AVAILABLE DATA:
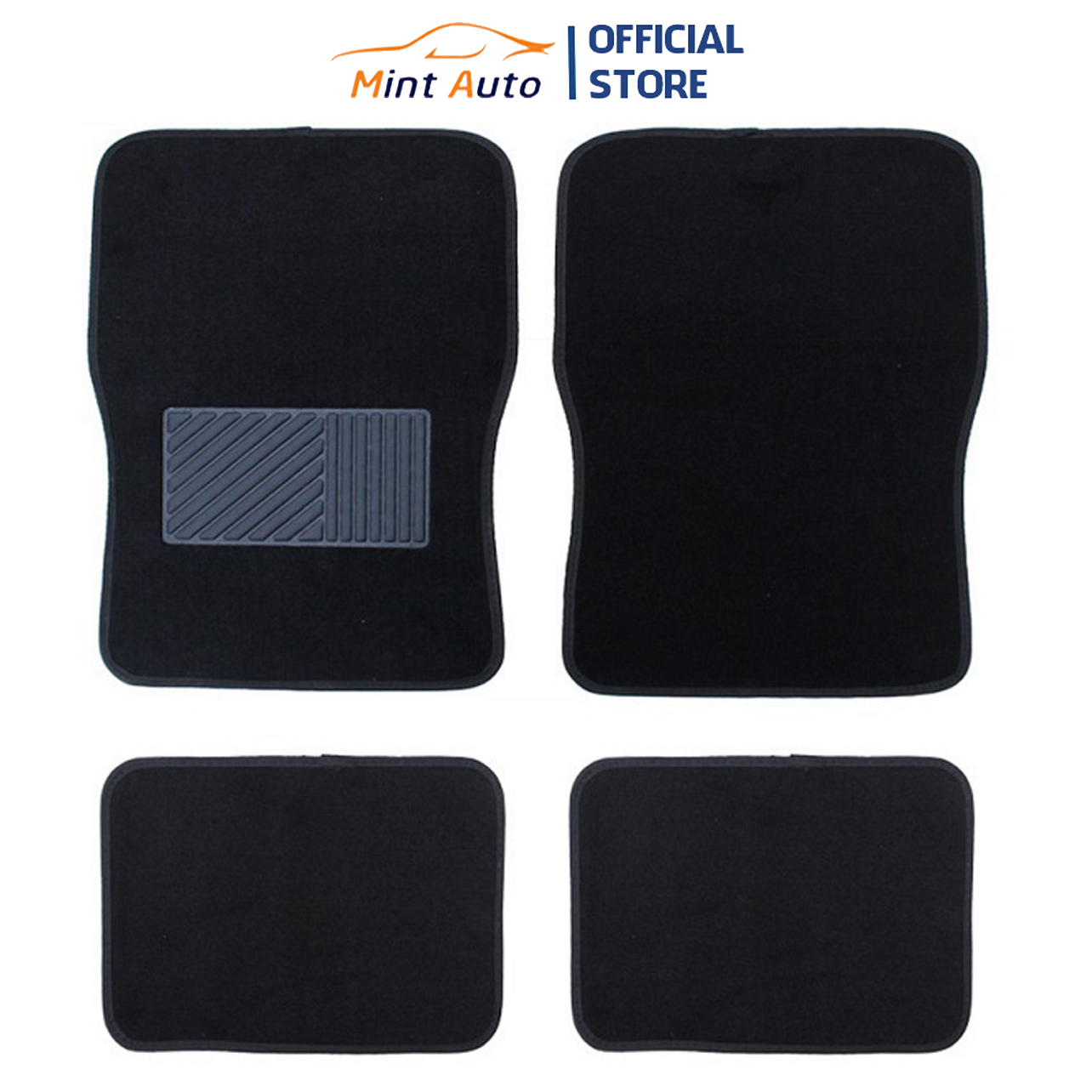 04 PCs set premium non slip velvet carpet floor mats for car, car 4-5-7 seat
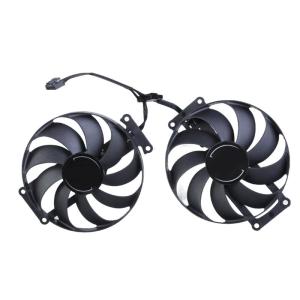 1Pair 90mm Graphics Cooling VGA Fan CF9010U12D 6Pin 12V Coolers Fan for RX6600 6600XT 6700XT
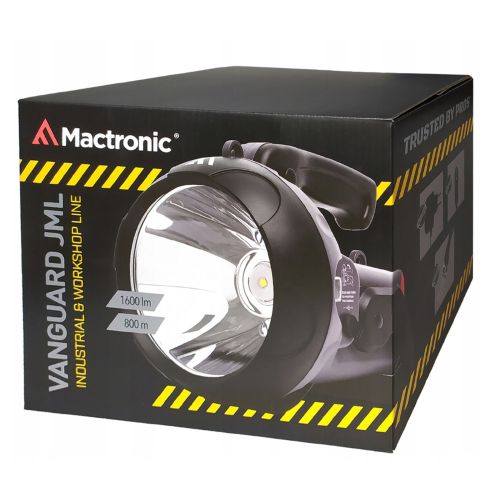Фонарь поисковый Mactronic Vanguard JML 1600 Lm White/Red LED Черный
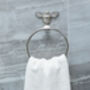 Brass Bee Bathroom Towel Ring With Bee, thumbnail 4 of 6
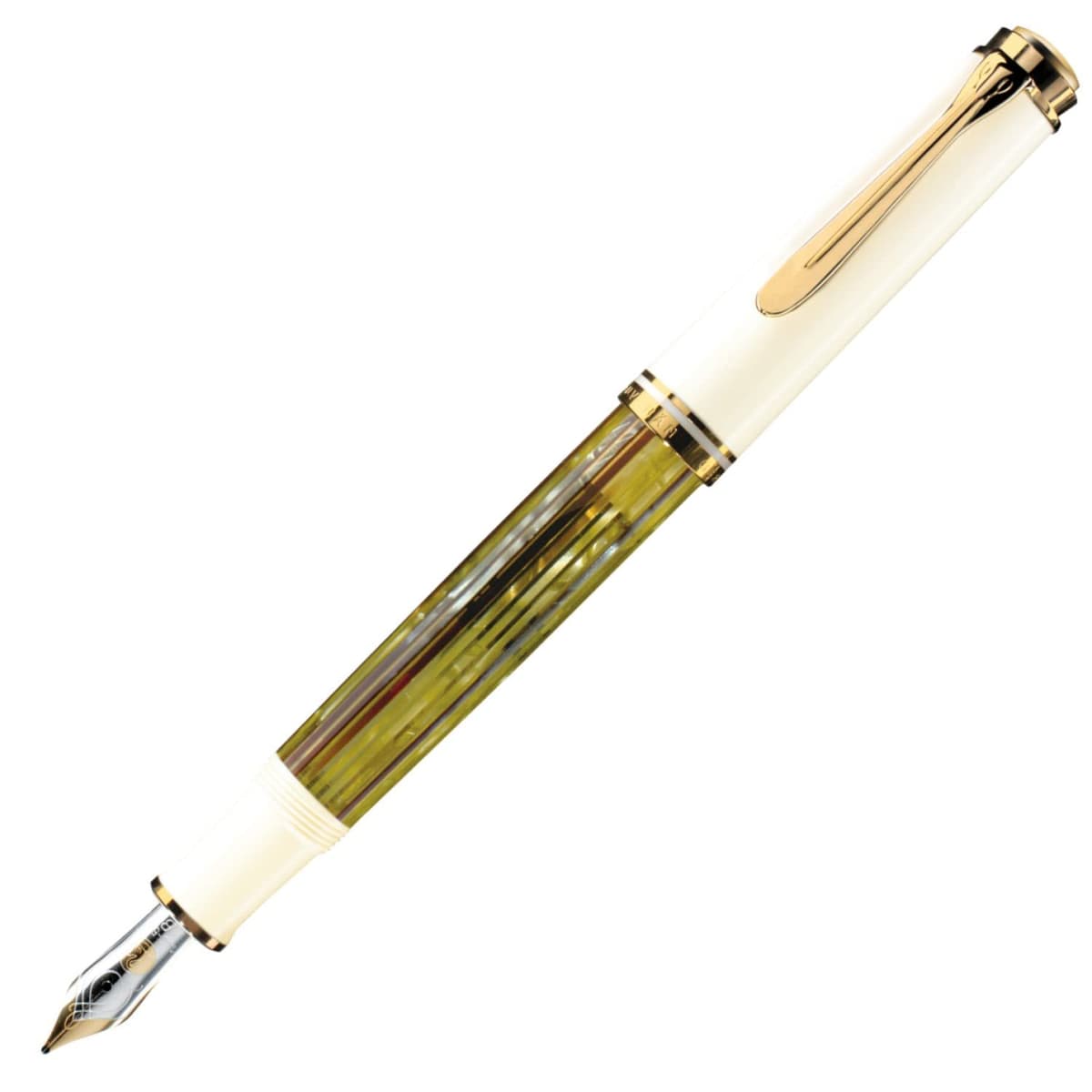 Pelikan M400 Souverän Pluma fuente B, White Tortoise 935411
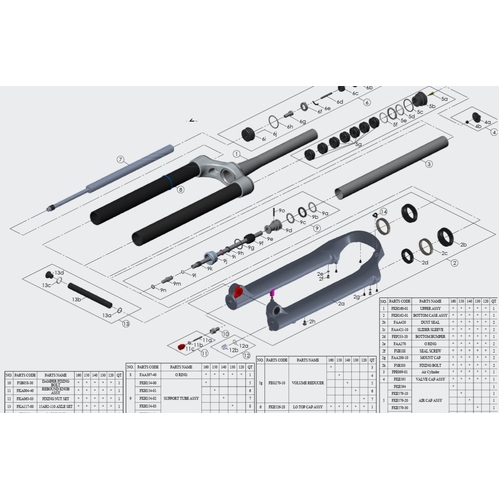 SR SUNTOUR ZERON 36MM FORK AIR SEAL KIT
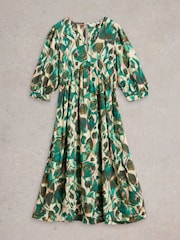 White Stuff Green Lucy Midi Dress - Image 6 of 7
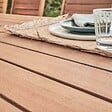 OVIALA - Table de terrasse extensible en bois d'eucalyptus 8 à 10 places - Canet - vignette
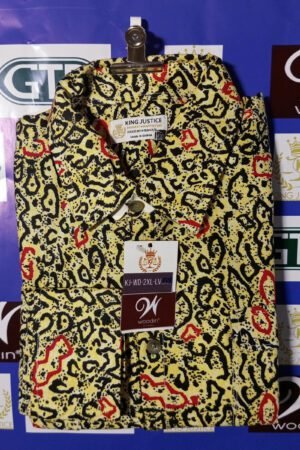 Ebony Print Long Sleeve Shirt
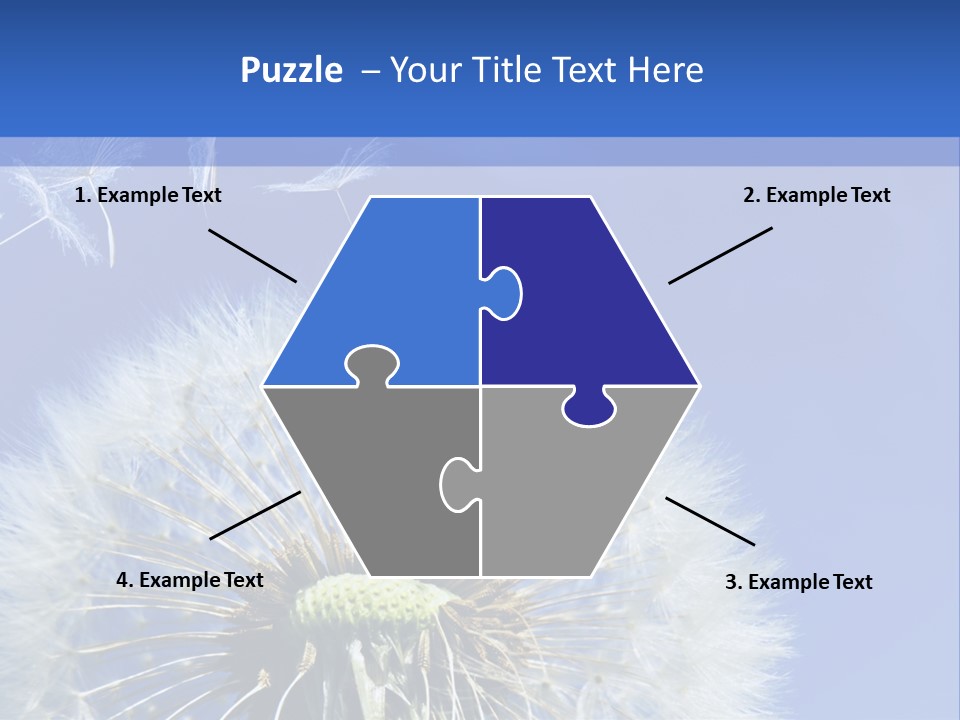 A Dandelion With A Blue Sky In The Background PowerPoint Template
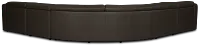 Jace Dark Gray Lthr/vinyl Small Dual Power Reclining Two-arm Sectional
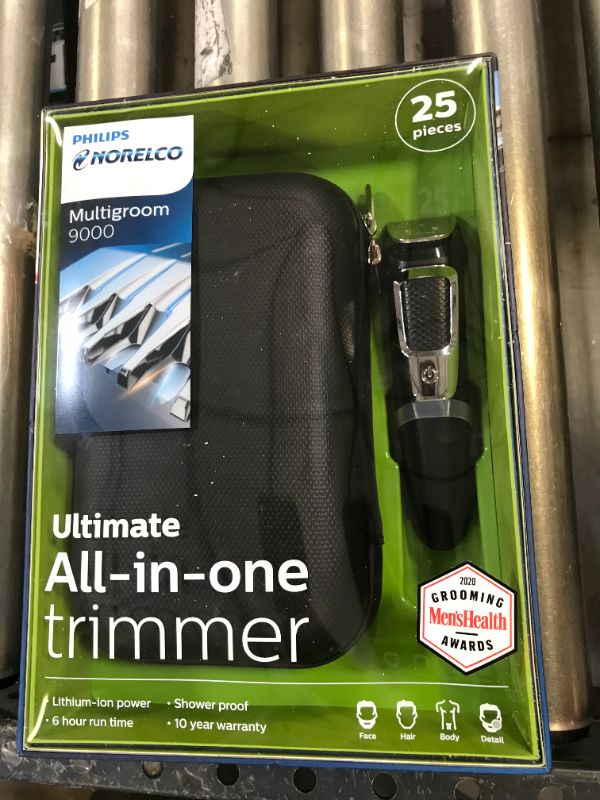 Photo 2 of Philips Norelco Multigroom Series 9000 Men's Rechargeable Trimmer - MG7770/49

EXERCISE AIM:
With the pictures left out, give again exactly the lines from the one that contains "1Pair 90mm Graphics" through the final line of the data above.

SOLUTION FOR THIS PROBLEM:
 1Pair 90mm Graphics Cooling VGA Fan CF9010U12D 6Pin 12V Coolers Fan for RX6600 6600XT 6700XT
Фонарь поисковый Mactronic Vanguard JML 1600 Lm White/Red LED Черный
 Brass Bee Bathroom Towel Ring With Bee, thumbnail 4 of 6
 Pelikan M400 Souverän Pluma fuente B, White Tortoise 935411
 SR SUNTOUR ZERON 36MM FORK AIR SEAL KIT
 White Stuff Green Lucy Midi Dress - Image 6 of 7
 OVIALA - Table de terrasse extensible en bois d'eucalyptus 8 à 10 places - Canet - vignette
 Ebony Print Long Sleeve Shirt
 A Dandelion With A Blue Sky In The Background PowerPoint Template
 Jace Dark Gray Lthr/vinyl Small Dual Power Reclining Two-arm Sectional
 Photo 2 of Philips Norelco Multigroom Series 9000 Men's Rechargeable Trimmer - MG7770/49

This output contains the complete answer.